Ya’ can’t make milk chocolate without cows
I was talking with my son the other day and in the course of our conversation, the Super Bowl came up. He asked me if I was going to watch it, and I said I don’t know, maybe, “but who’s playing?” Call me out of touch when it comes to pop culture. Oops, I mean professional sports.
Either way, I told him, I was sufficiently stocked up with essential “big game” goodies and snacks.
Long story short, I forgot and ended up watching a movie instead. It was one of those old Sherlock Holmes films from the 1940s starring Basil Rathbone as Holmes and Nigel Bruce as Watson. Like most movies made back then, they told a straightforward mystery story with some suspense and a bit of humor.
Although I love movies from the thirties and forties, I’m not at all stuck in the black-and-white world, but at least in the older movies, you don’t have to watch someone vomiting or using the bathroom like in films these days.
Where was I? Oh yes, there was a scene in the above-mentioned one where an elderly woman raised a glass of milk and said, “What would we do without cows?”
It had nothing to do with the plot; they just stuck in there, but it’s an important question. What would we do? While cows are good for the local economy, there’s more to it than that, and I’m not talking about the cigarette-smoking cows of Gary “no relation” Larson.
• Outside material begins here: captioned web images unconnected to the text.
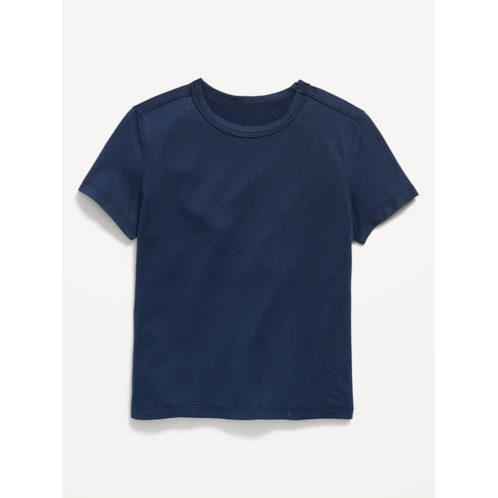 OldNavy CloudMotion Short-Sleeve T-Shirt for Toddler Boys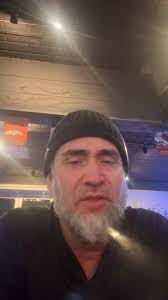 The Backyard Sports Lounge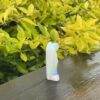 This is Ethereal Opalite Angel of Transformation - 5cm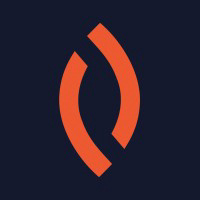 Al Salam Bank logo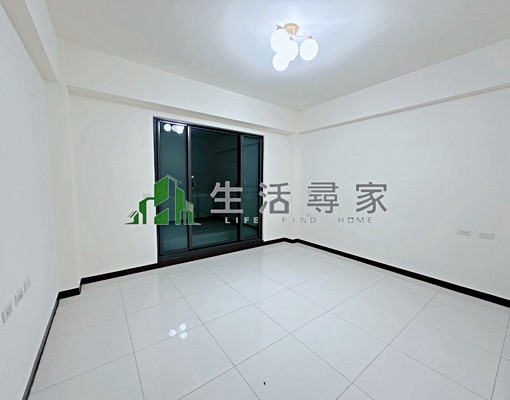 🗿適合小家庭👨👩👧六甲透天3房🉑寵🉑租補🗿 - Image 9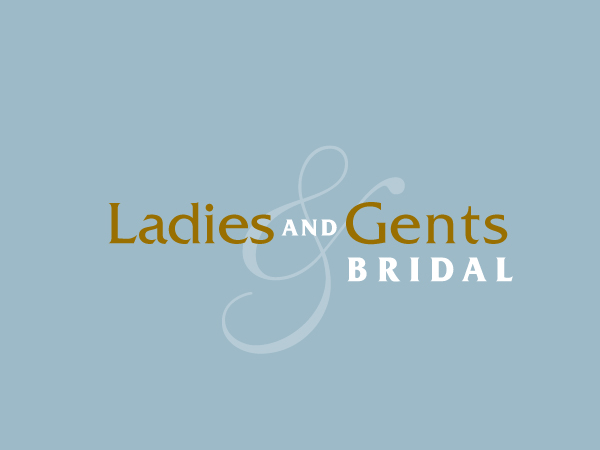 Diseño de Logo por designshart para este proyecto | Diseño #700381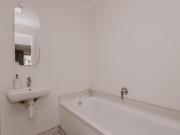 2 Bedroom Apartment in Zonnebloem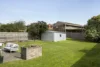 109 Franciscan Avenue, Frankston, Vic 3199-Image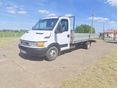IVECO DAILY 2000/12 - 3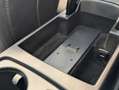 Audi A5 2.0 S-Line Xenon Temp. Bang & Olufsen 19" Zwart - thumbnail 28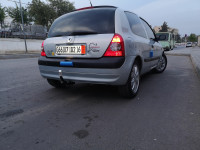 voitures-renault-clio-2-2002-el-harrach-alger-algerie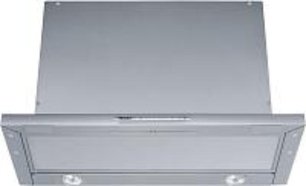 Вытяжка Миле DA 3160 фото Вытяжка Miele DA 3160 фото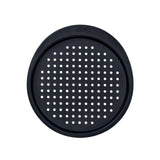 Pyrex Glide pizza baking tray 31cm, imported from the UK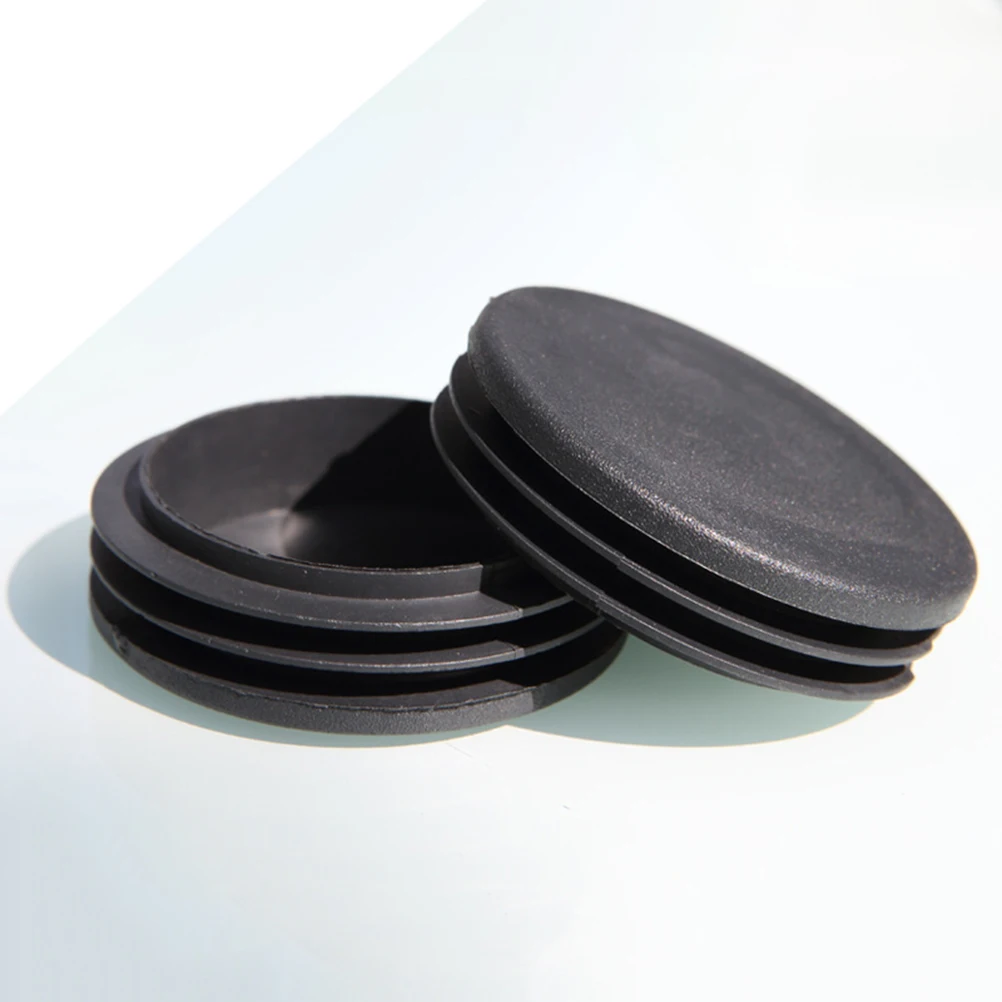 10pcs 60Mm Round Plastic Plug Stopper Furniture Inner Plug Durable Multi-Ribbed Noise Reducing Floor Protector Easy Install
10pcs 60Mm Round Plastic Plug Stopper Furniture Inner Plug Durable Multi-Ribbed Noise Reducing Floor Protector Easy Install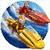 Riptide GP2 perfect app for free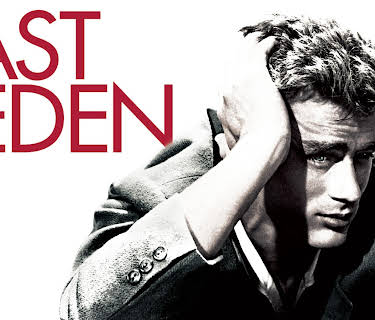 East of Eden (1955)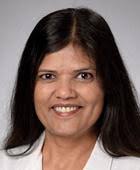 Nayana Haresh Patel, MD
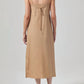 Citizens Of Humanity - Sable Flounce Dress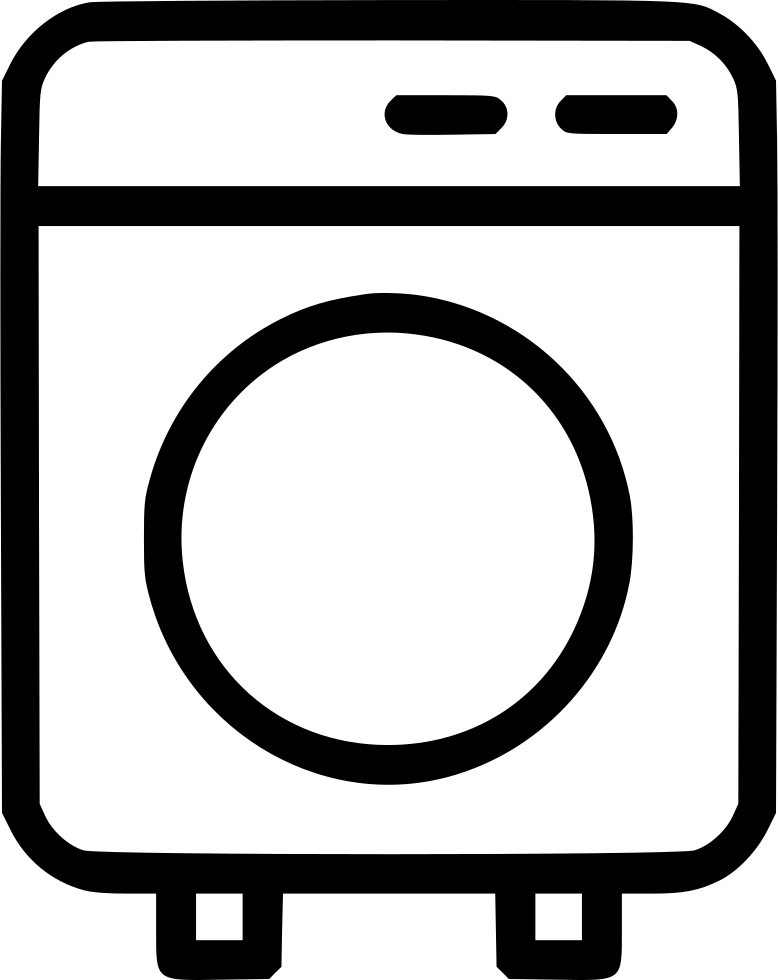 Washing Machine Clothes Washer Washer Laundry Washer Laundry 778x980 Washing Machine Clothes Washer Washer Laundry Washer Laundry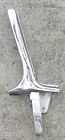 3754011lh Gm Corvette Used Original Left Door Post Also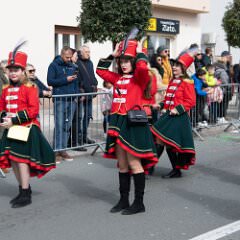 zvsmot0384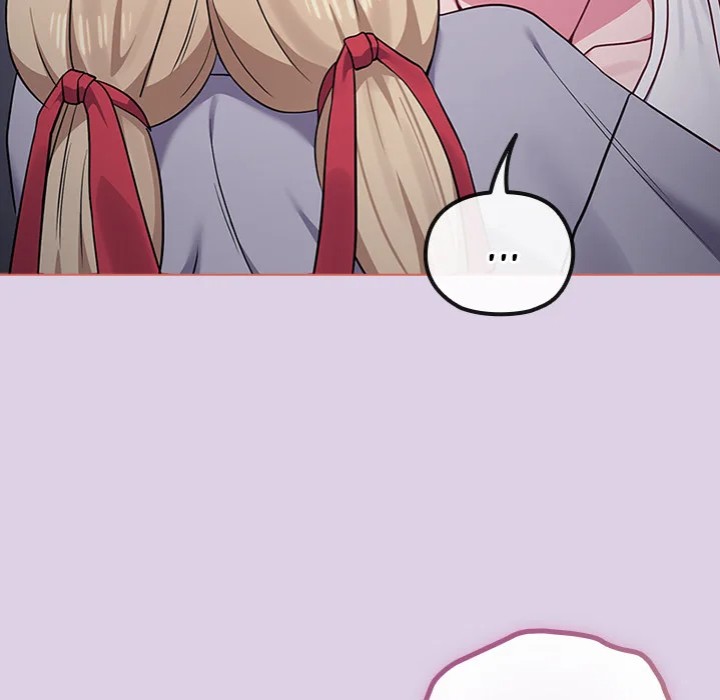 but-youre-the-same-age-as-my-daughter-chap-36-69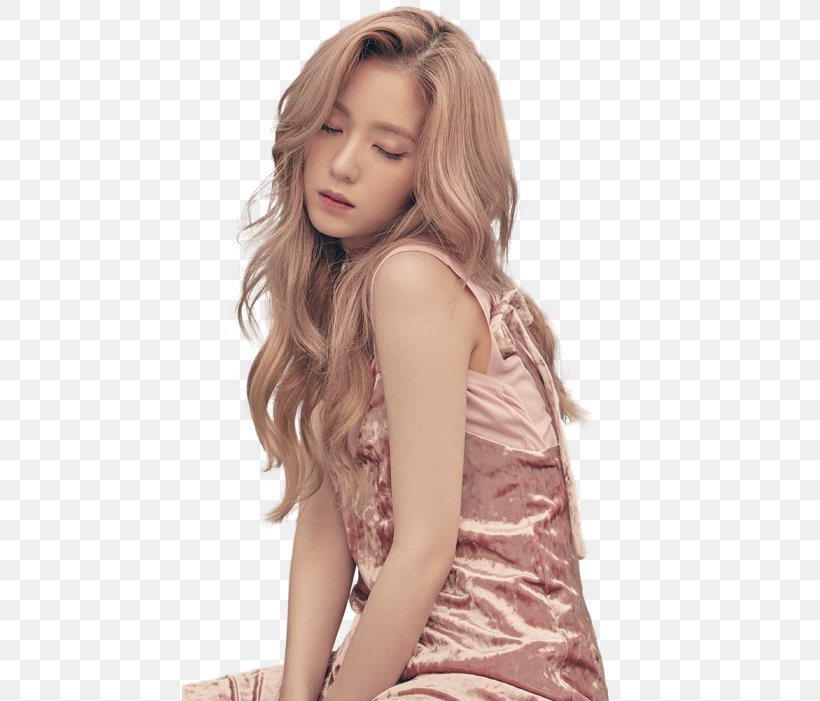 Irene Red Velvet K-pop Celebrity Musician, PNG, 456x701px, Watercolor, Cartoon, Flower, Frame, Heart Download Free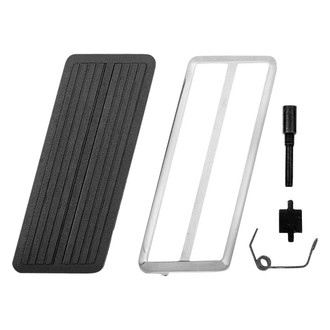 OER® - Rubber Accelerator Pedal Pad
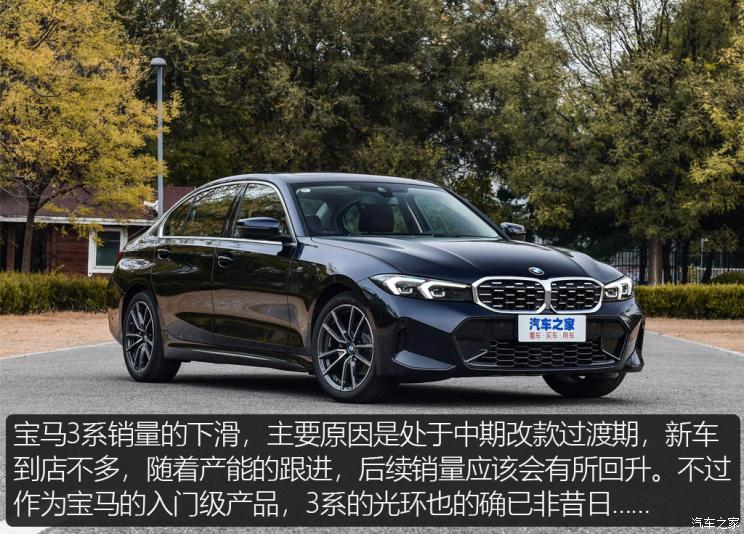 南昌云科 src=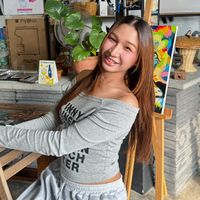minny_585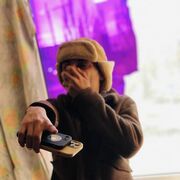   ,   Ahmed, 24 ,   ,   
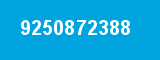 9250872388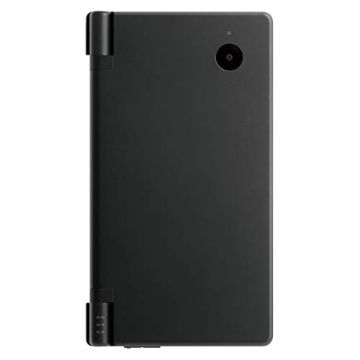 Nintendo DSi Handheld Game Console - Renewed Quality Gaming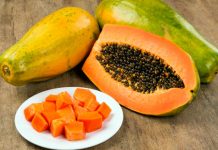 7 alimente din care să-ţi iei necesarul de vitamina E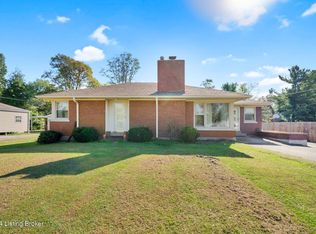 9006 Fern Creek Rd, Louisville, KY 40291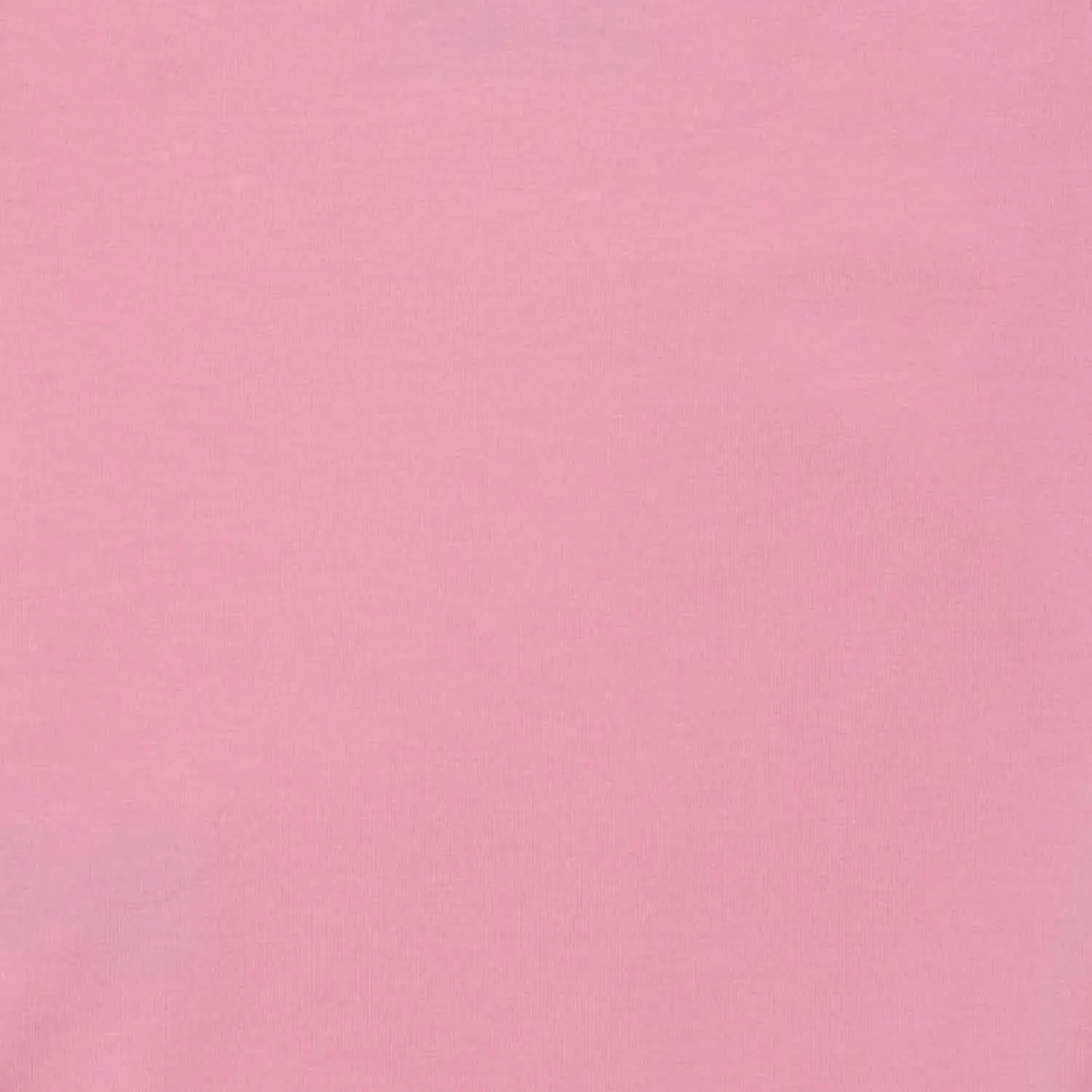 potpourri pink cloudstretch™ magnetic kids pajama set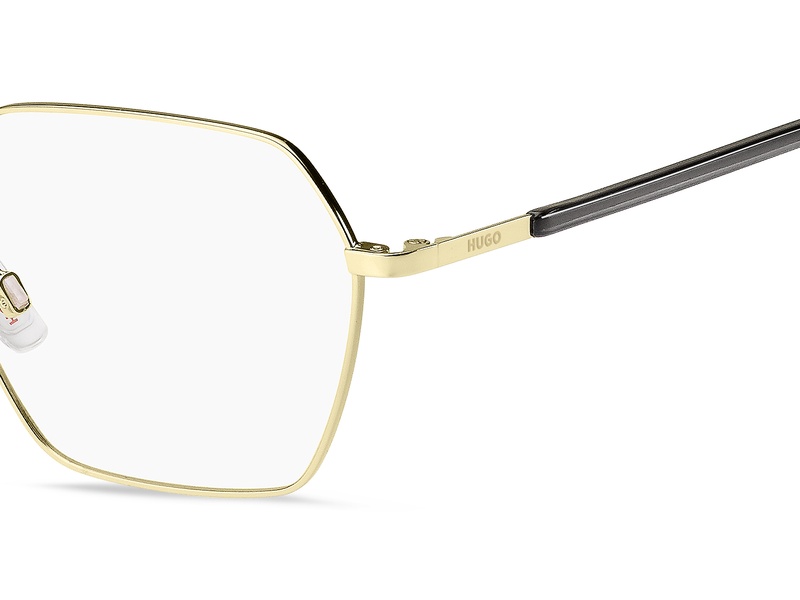 Hugo HG 1279 J6G 55-17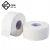Import Salable Printed OEM Toilet Tissue Jumbo Roll Support The Distribution Agent In Stock from China
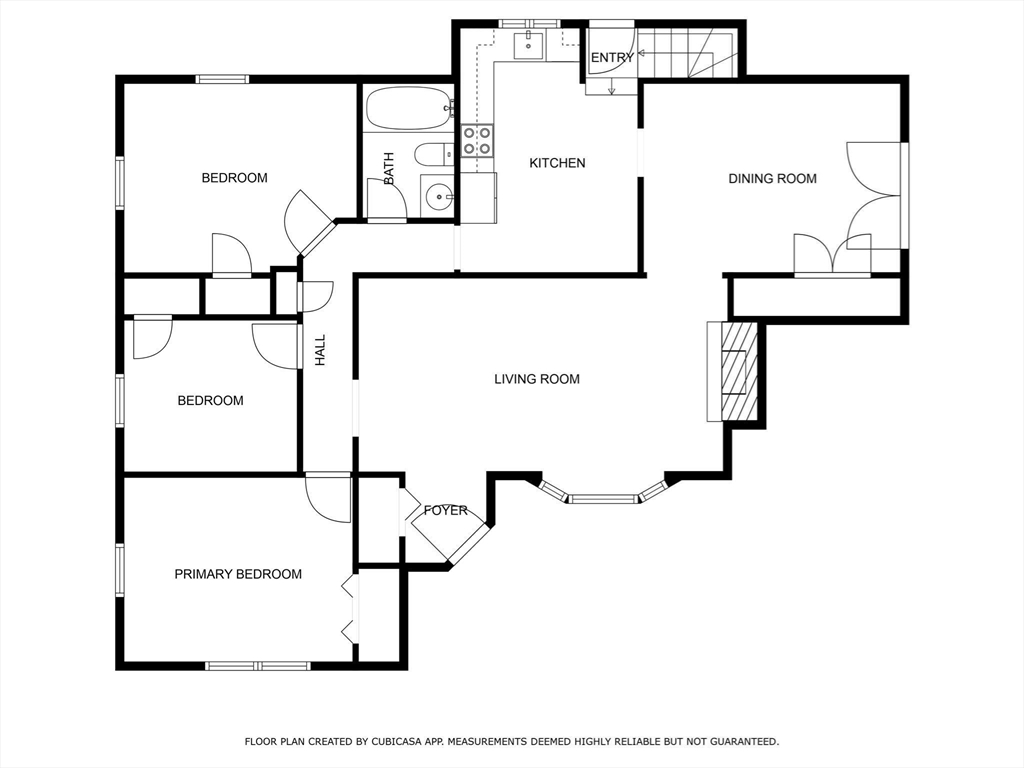 31 Thomas Road Lynnfield, MA 01940 - Photo 29 of 30 Gallery Image 29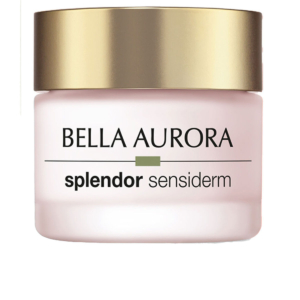 Ansigtscreme Bella Aurora BELLA AURORA SPLENDOR 50 ml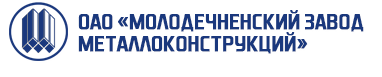 Логотип (отображается только на платных тарифах)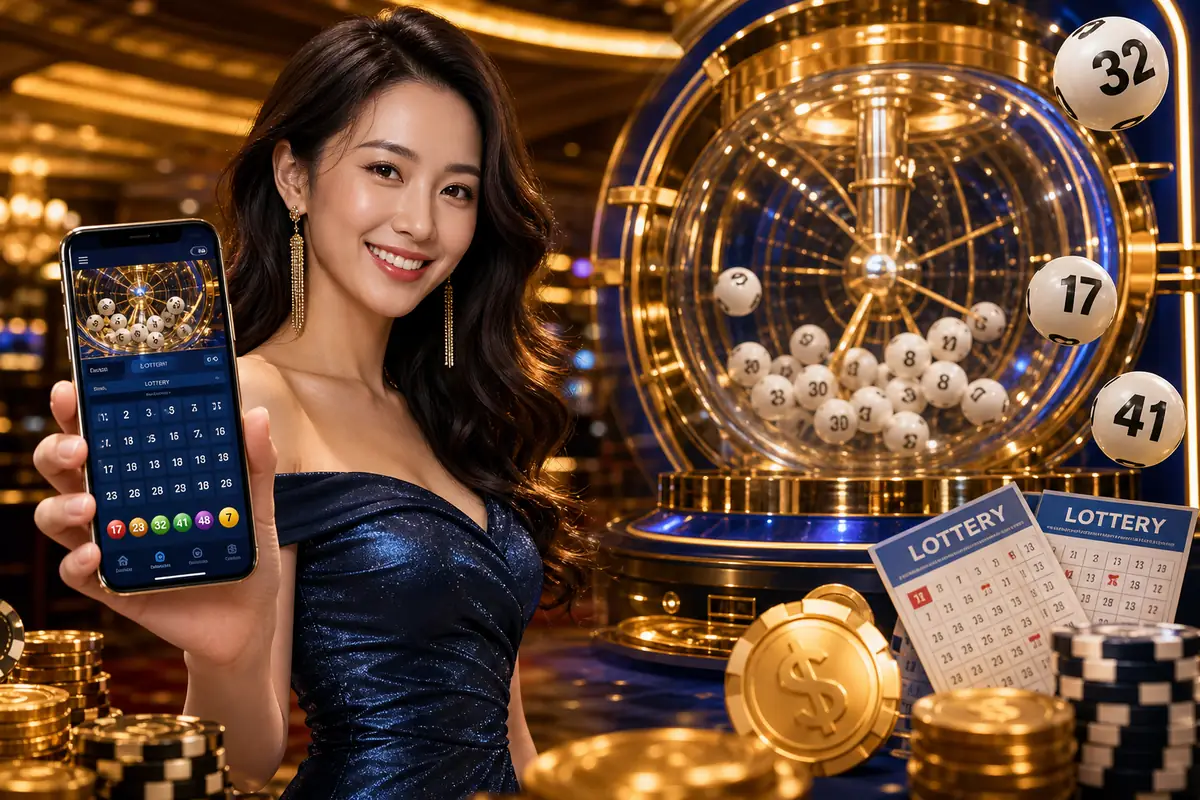 bd22 অনলাইন ক্যাসিনো লাইভ গেম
For instance, one of the things that calms one nerves is the sight of cattle grazing in pastures along the highway. I’m thinking, sure, they’re headed for the dinner table, but right now, today, they’re not fretting over all the things that can make us humans uptight, like the price of eggs or internet security or new shoes for the kids. Not to mention political weirdness.
I guess it comes down to this, with our constantly changing technology and new ways to communicate and so on, I find myself wondering if I am getting too out of touch. Then I would drive by and see cows; I’m thinking, yes, this is real. They just flat don’t care about TikToking or tweeting. Oops, do I mean X-ing?
What I’m getting to is that without the likes of Jerseys, Holsteins, and other dairy denizens, we wouldn’t have chocolate milk. Or, more importantly, milk chocolate.
And without milk chocolate, where would Valentine’s Day be?
And that day is nigh. Golly, what to do, what to do?
We’ve always heard that chocolate and affection go together, and here’s why: Chocolate stimulates the release of endorphins, neurologists say, generating feelings of pleasure and promoting a sense of well-being. And if that’s not enough, Dr. Ruth of TV fame once said, “The taste of chocolate is a sensual pleasure in itself, existing in the same world as sex.”
All I know for sure is that I must have been corrupted at an early age when I got my first taste of a Hershey bar.
Hey, I’m not complaining, but like some of the male species, I have never been good at Valentine’s Day romantic antics. I’m more like, “Here’s some flowers and chocolate. Let’s watch a movie…” Especially one appropriate for Valentine’s Day, romantic comedies and such. That said, I’m not talking about what my father used to call “mush.” No love stories or Hallmark Channel cutesy romances, but the ones guys would also like, those that aren’t necessarily about a romance per se, but still stir up a nice feeling. Not unlike chocolate.
No, a good Valentine’s Day movie doesn’t necessarily have to be specifically about love affairs but rather honest affection or just friendship, like when we were in grade school and had to give Valentine’s cards to everyone in the classroom.
By the way, do you think Holmes and Watson ever swapped valentines?
As for romantic movies that might also appeal to guys, there’s Bill Murray learning to be a decent human being in Groundhog Day, or Humphrey Bogart doing the right thing in Casablanca. I’m also partial to Say Anything, with John Cusack as the eternal optimist, and Big Fish, the story about a man re-discovering his father.
Another favorite is Late for Dinner, where a young man unexpectedly gets cryogenically frozen in 1962 only to be thawed out in 1991 and wants to get back with his wife, who is now some 30 years older.
And don’t forget The Princess Bride. It’s got a sort-of romance between Westley and Buttercup, but mainly has action, swordfights, and Andre the Giant, but above all, has a hero on a quest. And answer me this: who hasn’t wanted to be the guy who says, “Hello. My name is Inigo Montoya. You killed my father. Prepare to die!”
That, my friend, is a real man’s romantic movie.